E se os problemas entre atuações e desenvolvimento fraco, os efeitos específicos são tão mal feitos que parecem aqueles CGI dos anos 90, ao ponto de serem totalmente “cringes”. Como que a Netflix é capaz de produzir uma série como Stranger Things, perfeitamente ambientada nos anos 80, com efeitos especiais e maquiagem de alta qualidade, e produzir First Kill com efeitos tão toscos? Nota-se claramente que o streaming não equilibra bem suas produções.
Se para alguns filmes e séries originais há tanto investimento na qualidade, porque se dá ao trabalho de fazer então séries de maneira preguiçosa? Vai do 8 ao 80 nesse desequilíbrio de qualidade de produtos. É por essas e outras que sempre há uma grande incógnita quando a plataforma anuncia uma nova produção original. Só dá para saber se é boa ou não vendo. E não há meio termo: ou é algo excelente ou é algo tosco. Essa gangorra já devia ter se equilibrado, passou da hora.
Conclusão
Para resumir First Kill: um baita de um queerbaiting.
Óbvio que a comunidade LGBTQIA+ carece de mais representatividade no entretenimento, mas não pode ser feita de qualquer jeito. Não queremos ver apenas um beijo lésbico/gay, queremos ver um enredo que nos prenda do começo ao fim. Queremos personagens profundos e bem construídos, não apenas arquetípicos que pouco acrescentam.
A representatividade não deve ser apenas um conceito ou algo colocado apenas para estar naquele lugar.
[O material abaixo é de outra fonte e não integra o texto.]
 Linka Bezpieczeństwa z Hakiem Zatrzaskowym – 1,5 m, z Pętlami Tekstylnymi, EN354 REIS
Ela deve ser natural, orgânica, ser capaz de emocionar, de prender a atenção, gerar empatia para aí, sim, realmente trazer alguma representação para o público.
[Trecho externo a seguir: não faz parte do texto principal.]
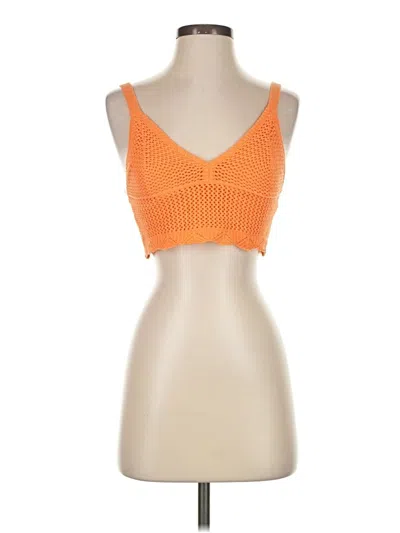 Pre-owned Willow & Wind Sleeveless Top Orange V Neck Tops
Ou seja, não apenas ser mais uma série adolescente. Existem milhares dessas e que apenas um pequeno grupo de adolescentes vai gostar, mas por pouco tempo. First Kill não tem a capacidade de prender o público até o oitavo e último episódio da primeira e única temporada. Só Juliette e Call conseguem carregar essa curiosidade, porém, o final das duas decepciona. E não dá vontade de rever.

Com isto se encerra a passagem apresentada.